TEMPO.CO, Banjarmasin– Menteri Agraria dan Tata Ruang/Kepala Badan Pertanahan Nasional Ferry Mursyidan Baldan mengakui banyak konflik tumpang tindih lahan di Pulau Kalimantan. Menurut dia, sengketa lahan biasanya melibatkan masyarakat, korporasi, dan pemerintah daerah, yang berebut kepemilikan tanah untuk memanfaatkannya.
Dalam konflik tanah, Menteri Ferry meminta petugas lebih mengutamakan asas manfaat ketimbang sebatas legalitas. Ia mendorong petugas BPN menjadi juru mediasi saat menghadapi sengketa tanah. Mediasi bermuara mewujudkan ruang hidup yang lebih menyejahterakan dan bermanfaat.
“Konflik tanah selalu hadir, kami siap memediasi. Kalau kami belakangan (menerbitkan legalitas tanah), kami siap batalkan legalitasnya,” ujar Ferry usai menghadiri sosialisasi Kebijakan dan Program Strategis Kementerian ATR se-Kalimantan di Banjarmasin, Selasa, 23 Februari 2016.
Mediasi konflik tanah pun selaras dengan empat rencana strategi Kementerian, yakni peningkatan layanan, penyelesaian konflik, pengendalian tata ruang, dan reformasi agraria. Namun dia tak segan menuntut ke meja hijau terhadap pihak yang memalsukan legalitas pertanahan.
Selain itu Ferry mendorong konsep pemanfaatan tata ruang di Kalimantan menjadi entitas yang terintegrasi demi mengantisipasi sengketa tapal batas dan mengembangkan potensi daerah. BPN, kata dia, mesti proaktif melayani masyarakat dan bersinergi dengan pemerintah daerah mewujudkan tata ruang yang utuh.
Kepala BPN Kalimantan Selatan Dadang Suhendi mengatakan konflik tanah muncul karena sengkarut administrasi di tingkat desa dan kecamatan. Pemerintah desa, kata dia, serampangan menerbitkan bukti kepemilikan tanah tanpa melalui telaah. Pergantian kepala desa kerap diikuti penerbitan surat keterangan tanah di tempat yang sama.
BPN akan meneken nota kesepahaman dengan Pemerintah Kalimantan Selatan untuk mengeluarkan peraturan daerah ihwal administrasi pertanahan di tingkat desa. “Mereka (pemerintah desa) harus punya petunjuk teknis bagaimana mengeluarkan dokumen tanah dan bisa mengecek ke BPN apakah bukti tanah sudah benar atau belum,” kata Dadang.
Wakil Gubenur Kalimantan Selatan Rudy Resnawan mengakui tidak bisa merespons semua konflik agraria di wilayahnya.
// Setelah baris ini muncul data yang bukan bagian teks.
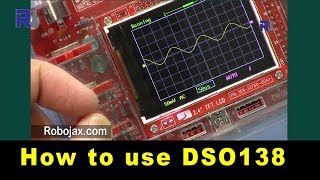 How to use JYE Tech DSO138 Digital Oscilloscope kit [upl. by Chapen742]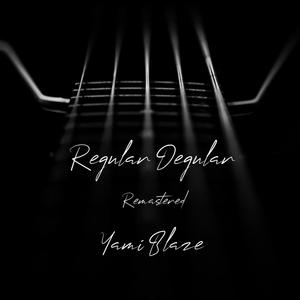 Regular Degular (Remastered ) [Explicit]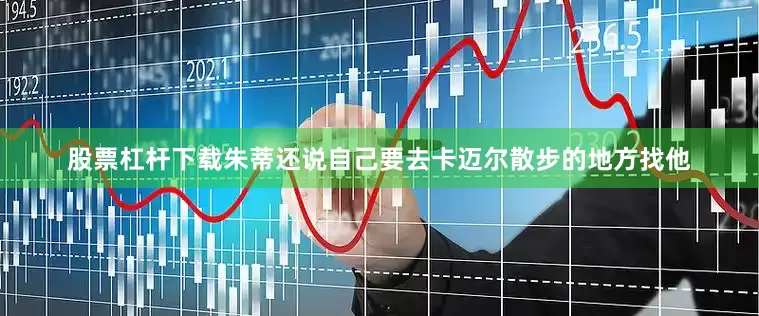 股票杠杆下载朱蒂还说自己要去卡迈尔散步的地方找他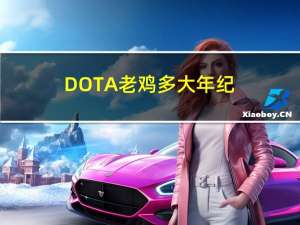 DOTA老鸡多大年纪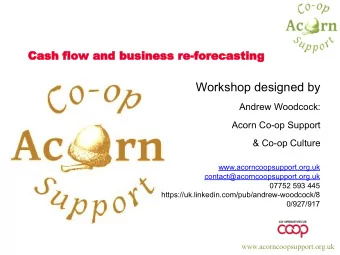 Workshop designed by  Andrew Woodcock:  Acorn Co-op Support  &amp; Co-op Culture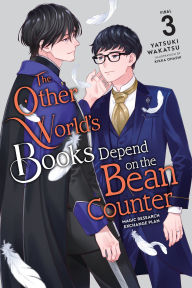 Title: The Other World's Books Depend on the Bean Counter, Vol. 3 (light novel): Magic Research Exchange Plan, Author: Yatsuki Wakatsu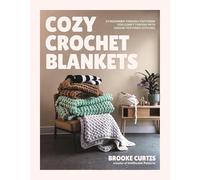 Cozy Crochet Blankets: 20 Beginner-Friendly Patterns for Comfy Throws with Unique Textured Stitches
Kata Rudy administrasi pertanahan di desa/kelurahan memang kurang rapi, terutama di daerah berkembang dan pemekaran. Untuk mengurai sengkarut ini, ia berharap ada standar layanan legalitas tanah di Kalimantan Selatan.
“(Konflik tanah) sering terjadi di daerah berkembang, punya nilai ekonomis dan orang-orang berkepentingan mendapatkan sesuatu. Biasanya di daerah pertambangan dan perkebunan,” ujar Rudy.